Notify on Audience Init or Update Failure
Description
Sometimes the initialization or update of an audience fails due to the segment run failing because of various issues. This might be due to a misconfiguration of the segment but typically this is something we can’t correct ourselves but something the customer needs to take care of. This concepts relates to SUITEDEV-35566.
Requirements
-
Notify when getting the segments fails or takes too long to be prepared.
-
Stop trying for a certain period of time when failing at init.
-
Stop trying until the next update interval when failing at update.
-
Attempt to solve automatically whenever possible.
Concept
To implement retry delays after failures:
-
Use a single timestamp field (
next_attempt_at) in the audience table record for both init and update attempts. -
On failure (init or update), set
next_attempt_atto the appropriate future time (retry delay or next update interval). -
Before any attempt (init or update), check if the current time is after
next_attempt_at.
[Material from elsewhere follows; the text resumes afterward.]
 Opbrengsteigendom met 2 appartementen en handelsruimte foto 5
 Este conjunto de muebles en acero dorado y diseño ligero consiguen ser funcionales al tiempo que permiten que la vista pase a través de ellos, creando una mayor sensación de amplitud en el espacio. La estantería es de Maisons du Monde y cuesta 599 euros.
If not, skip the attempt. -
On segment retrieval failure or timeout, notify the customer in the notification center.
-
On success, clear
next_attempt_atand error/status fields so future attempts are not blocked and the UI reflects the healthy state. -
Provide a dedicated endpoint to retrieve the
stateanderrorReasonof the audience, since they are anyway updated during audience init or update. -
Ensure the campaign UI can call the dedicated endpoint and display the current audience status and error message if present.
Example Logic
if (audience.next_attempt_at && Date.now() < audience.next_attempt_at) {
// Skip initialization or update
return
}
try {
if (shouldInitialize(audience)) {
await initializeAudience(audience)
} else {
await updateAudience(audience)
}
audience.next_attempt_at = null
} catch (err) {
notifyCustomerOfSegmentIssue(audience.customerId, err)
audience.next_attempt_at = Date.now() + getRetryDelay(audience)
await saveAudience(audience)
}
Rollout Steps
-
Talk to the UX team and Docu team about the notification design and content (see example below), respectively the audience status on the campaign page.
-
Add a single retry timestamp field (
next_attempt_at) and error/status fields (e.g.state,errorReason) to the audience table -
Implement notification, retry, and error/status logic in audience workers using these fields
-
Create a dedicated endpoint to retrieve audience state and error reason
-
Update campaign UI to call the endpoint and display audience status and error messages
-
Monitor failures and adjust intervals as needed